I usually do an end of the year wrap up post but I found that difficult to do for 2016. It was a year different from any other I've experienced in the world at large, my work, my relationships, my marriage and in my own life. Then I came across an article written by Rachel Held Evans (you can read the full article here) and it said so much of what I had been grasping to describe about 2016.
It inspired me to move away from trying to do a 2016 wrap up and instead as my beautiful daughter celebrates her first birthday, I'm reflecting on and celebrating a year of Wren.
Written by Rachel Held Evans
"We like to refer to the “dumpster fire” of 2016. Memes abound (my favorite: “have you tried turning 2016 off and on again?”). From what seemed like a surge in celebrity deaths, to an especially divisive, racist and misogynistic election, to what is beginning to look like a global shift toward authoritarianism and xenophobia, we have good reasons to be sad, good reasons to be deeply concerned.
"And yet, rolling around on the floor with my baby yesterday, his nose pressed against mine as he squealed with laughter, I was reminded once again that 2016 was, by far, the best year of my life.
Oh, it was the hardest year on my marriage, for sure, and on my body, my faith, and my ongoing battle against cynicism, but there is no doubt in my mind that 2016 will always be remembered as his year, the one that brought the world his first yawn, his first giggle, his first fall, his first Christmas, his first word."
"We find ourselves in these strange juxtapositions from time to time, between the stories of our lives and the stories of the world around us. Sometimes they align with a sort of poetic symmetry—the gentle rain at the funeral on September 11, the divorce papers arriving the day you get the cancer diagnosis. Other times, the contrast is jolting—the baby cooing in your arms as news of another mass shooting scrolls across the TV, the wedding on Inauguration Day, 2017.
For me, the dissonance of this strange year is compounded by the fact that motherhood turned my bleeding heart into a hemorrhage. It’s as though I’ve become porous, my skin absorbing the pain of others, particularly other mamas and babies."
"Every night, as I nurse my boy in that cozy armchair in his nursery, I think of the Syrian mama nursing her baby in a raft adrift in the Mediterranean Sea. I think of the shell-shocked boy from Aleppo. I think of how every Latino kid taunted by classmates, every soldier sent to war, every autistic kid who will lose his therapy when ACA is repealed, every black man shot by police is somebody else’s baby boy, somebody else’s most important person in the world. I still, almost every day, think of Sandy Hook.

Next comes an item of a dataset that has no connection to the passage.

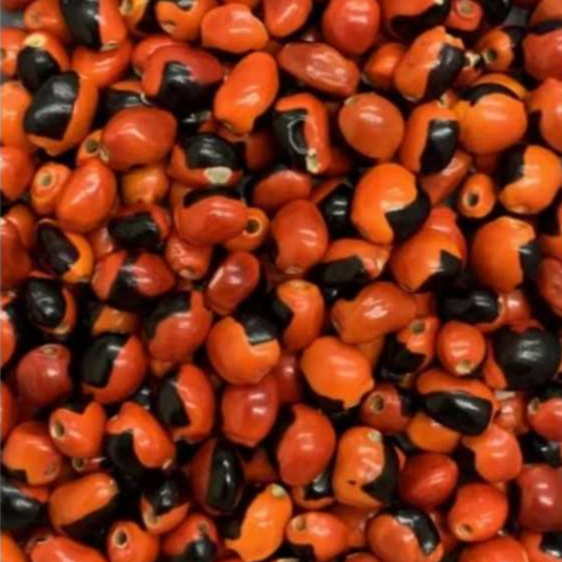50 unidades fava de Exú olho de cabra com furo plidas e tratadas.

“Compassion is the sometimes fatal capacity for feeling what it is like to live inside somebody else's skin,” writes Frederick Buechner. “It's the knowledge that there can never really be any peace and joy for me until there is peace and joy finally for you too.”
Motherhood invited me into other people’s skin in a way I’ve never experienced before. So my joy is big and real and consuming, but also incomplete. I am overwhelmed by the conviction that every mother should be able to feed her baby like this, in safety and contentedness, and I am haunted by the reality that this is still far from the case."
"In 2016, I became more aware than ever of the darkness around us, and more invested than ever in lighting the path.
In 2016, the world bared its teeth and my baby giggled back."